DORIA PAMPHILI LANDI, Andrea

Dizionario Biografico degli Italiani - Volume 41 (1992)

DORIA PAMPHILI LANDI, Andrea

Marina Formica

Figlio del principe Giovanni Andrea Doria e di Eleonora Carafa della Stadera del duca d'Andria, nacque a Genova il 30 ott. 1747. Trascorse l'infanzia a Fassolo, nei possedimenti liguri della famiglia, dove fu educato privatamente. Nel 1759, quando ricevette la cresima, il vescovo di Tortona mons. G. L. de Andujar gli mutò il nome di battesimo, Giorgio, in quello di Andrea, su richiesta del padre del D., in seguito alla morte dei due figli maggiori Andrea (1744-1750) ed Ettore (1746-1755).

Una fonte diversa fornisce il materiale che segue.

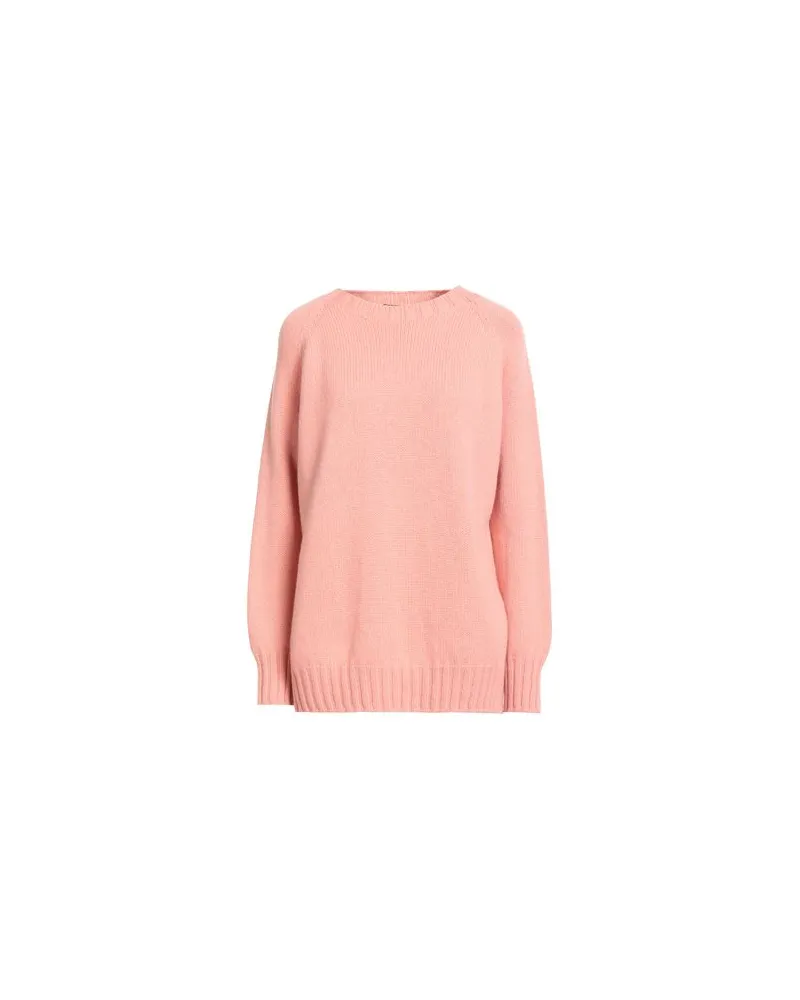 ARAGONA STRICKWAREN - Pulloverauf YOOX.COM Lachs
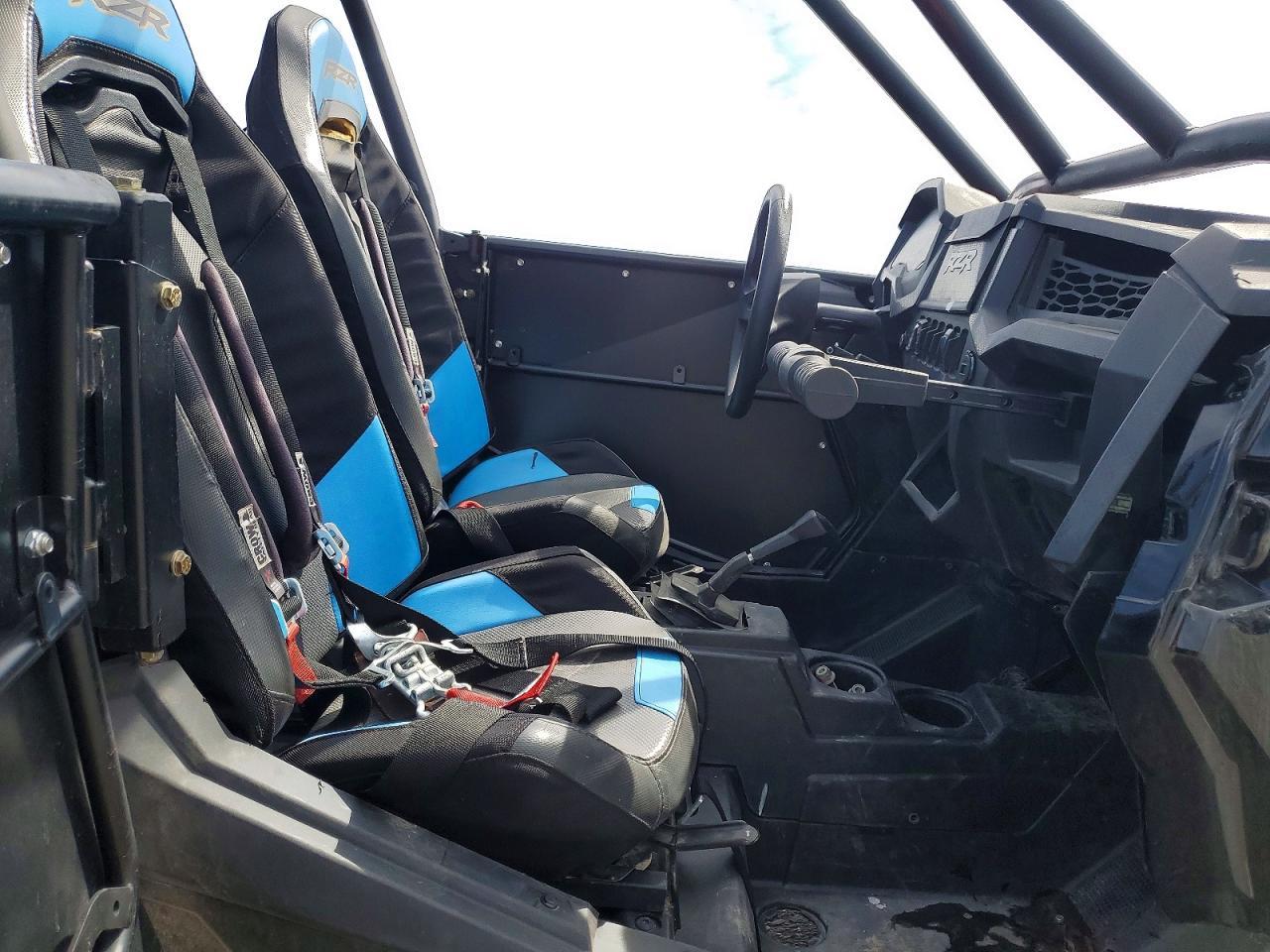 2021 Polaris Rzr Utility Vehicle - Фото 5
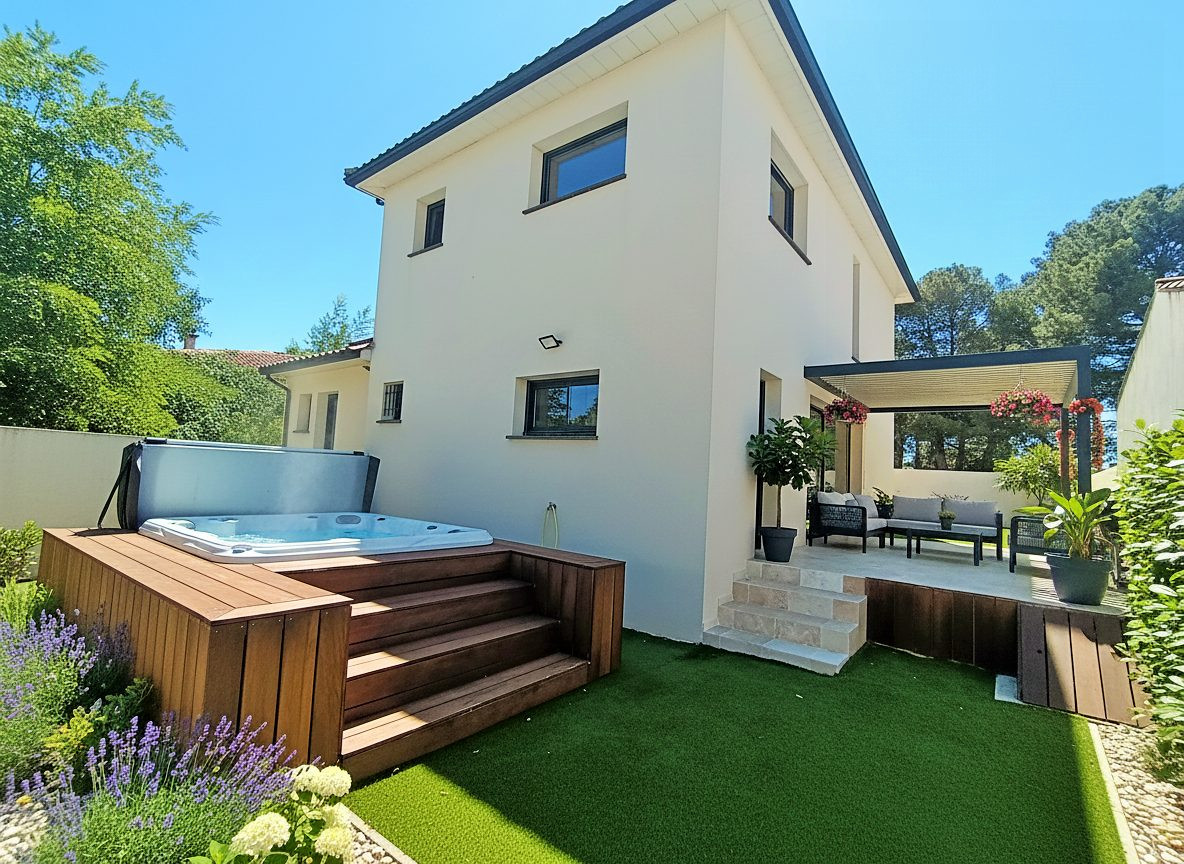 Maison à vendre à Balaruc-les-Bains, 132 m²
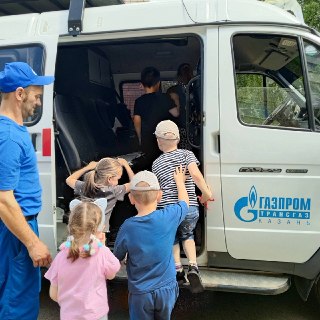 Дети узнали о безопасности: встреча с работником Горгаза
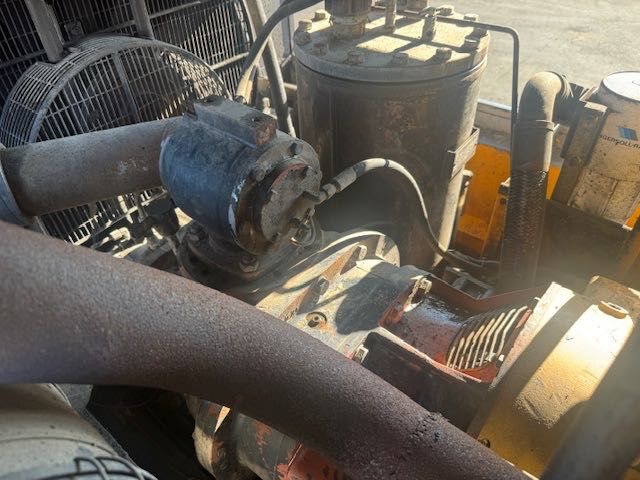 INGERSOLL-RAND VHP400WCA kompresor do prac wiertniczych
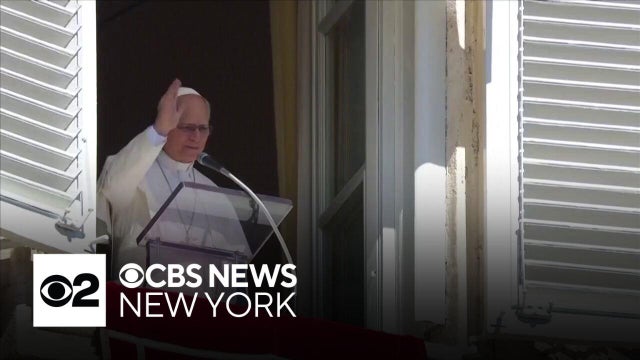 Pope Leo XIV to have surgery Tuesday to remove nodule from his lung, The Vatican says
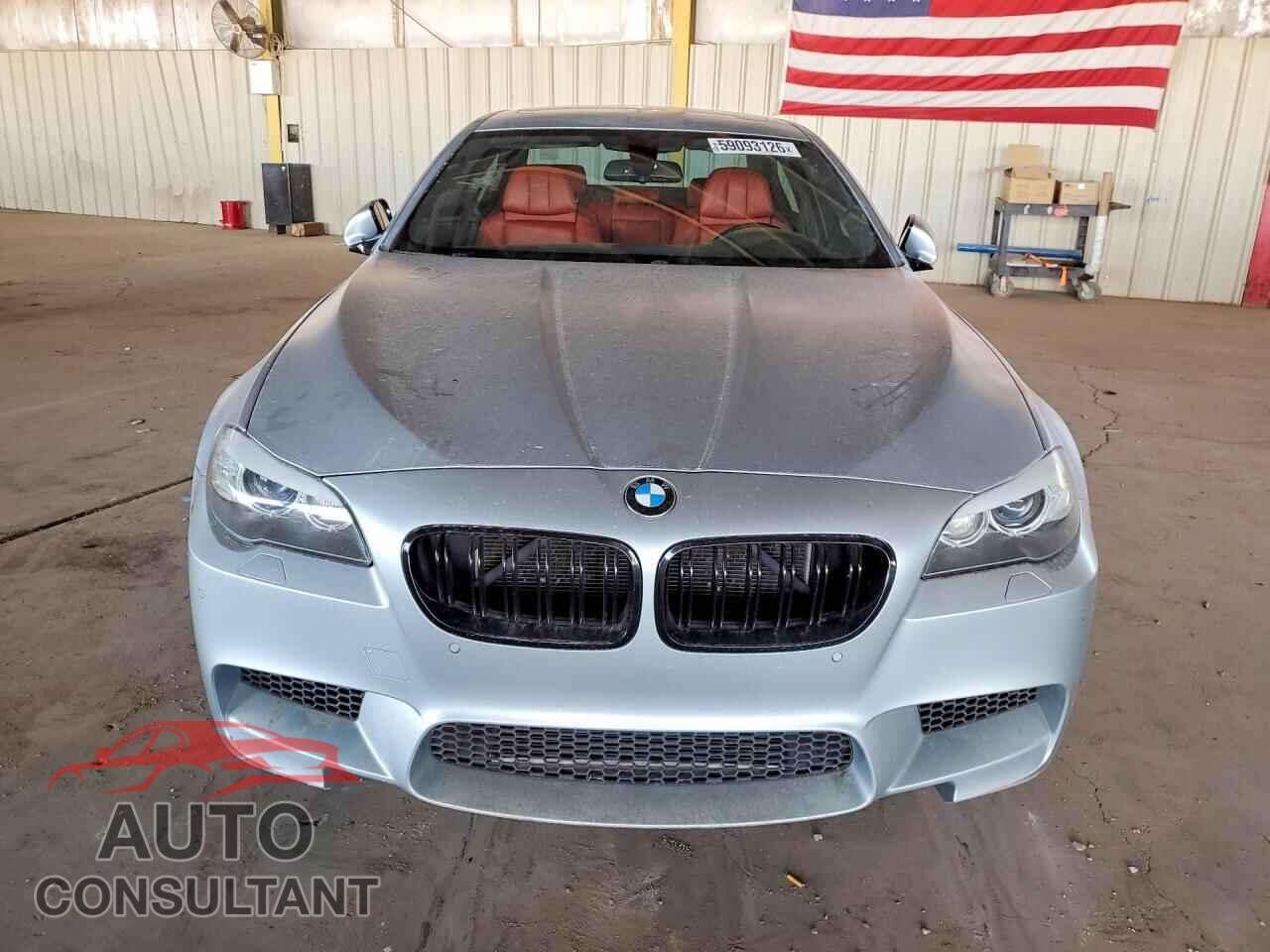 BMW M5 2013 - WBSFV9C51DC773824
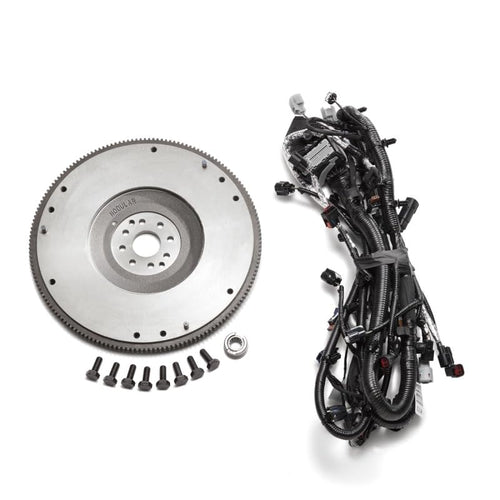 Coyote Engine Manual Transmission Upfit Kit Ford Racing M-12000-m50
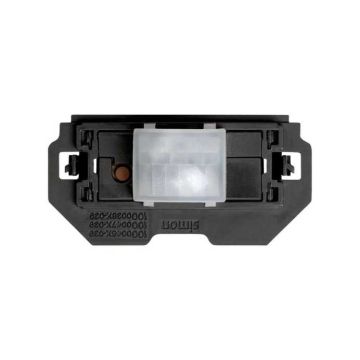 Detector de presencia con lente blanca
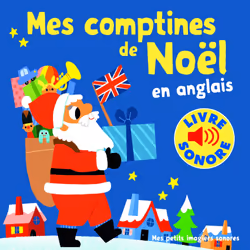 ISBN Mes comptines de Noël en anglais, Français, 14 pages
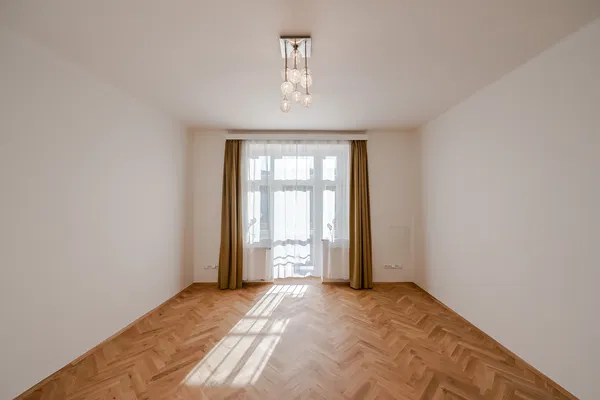 Jugoslávských partyzánů, Bubeneč - Prague 6 | Rent, Apartment, Three-bedroom (4+kk), 119 m²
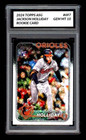 2025 Topps Jackson Holliday Base (Raw)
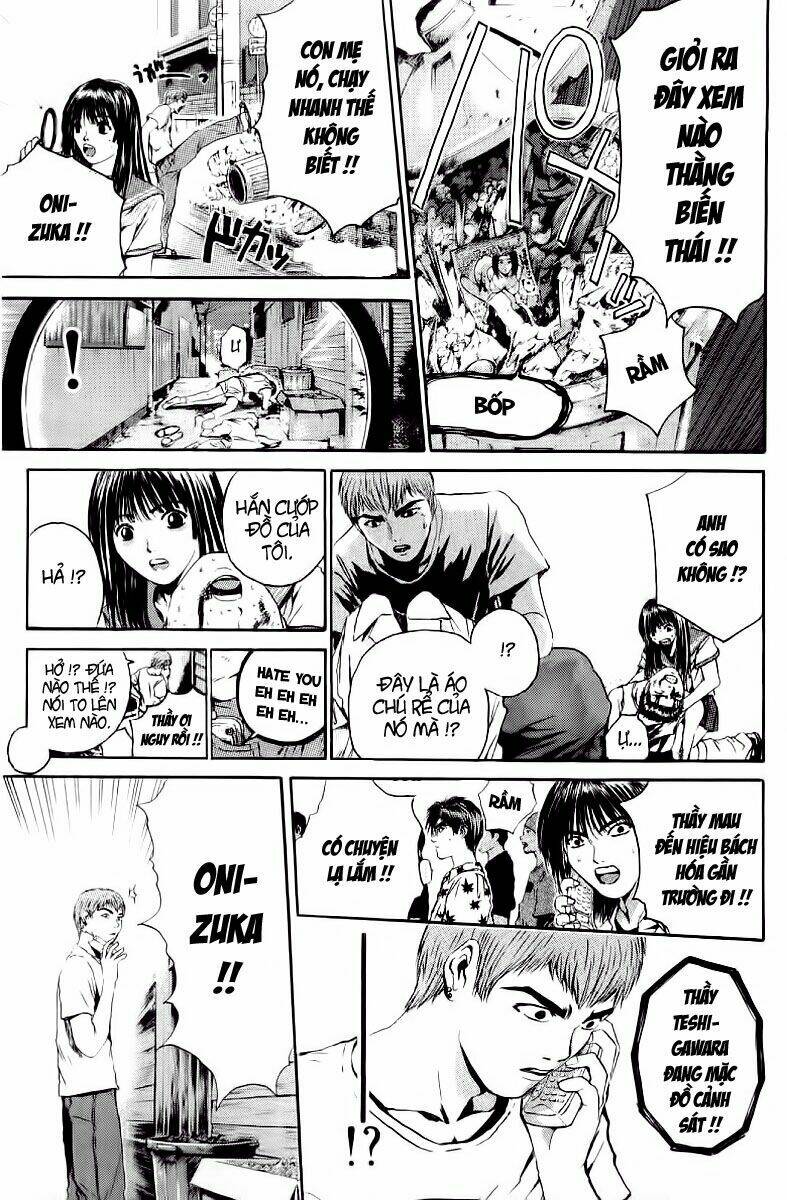 Gto – Great Teacher Onizuka Chapter 152 - Trang 2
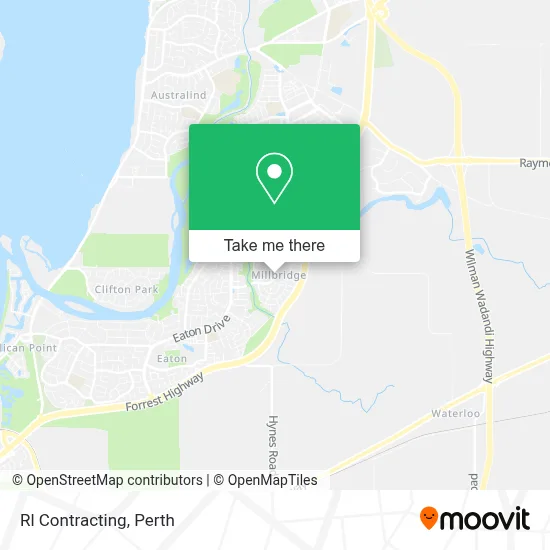 Mapa Rl Contracting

Nel 1760, alla scomparsa dell'ultimo discendente dei Pamphili Landi, Girolamo, si aprì una controversia per la loro eredità tra i Colonna, i Borghese e i Doria. A questi ultimi - legati alla famiglia estinta in virtù del matrimonio celebrato nel 1671 tra Giovanni Andrea Doria, bisnonno del D., e Anna Pamphili - fu assegnato il palazzo romano e il titolo e dunque la famiglia del D. si trasferì a Roma. Qui egli continuò gli studi e coltivò in modo particolare la passione per le arti musicali, mostrando una predilezione per i repertori vocali, secondo il gusto della società romana del tempo. Le cospicue spese affrontate dal 1763 per l'acquisto di strumenti musicali e per retribuzioni agli insegnanti di cembalo testimoniano tale interesse non interrotto neppure dopo la morte del padre, avvenuta l'8 dic. 1764.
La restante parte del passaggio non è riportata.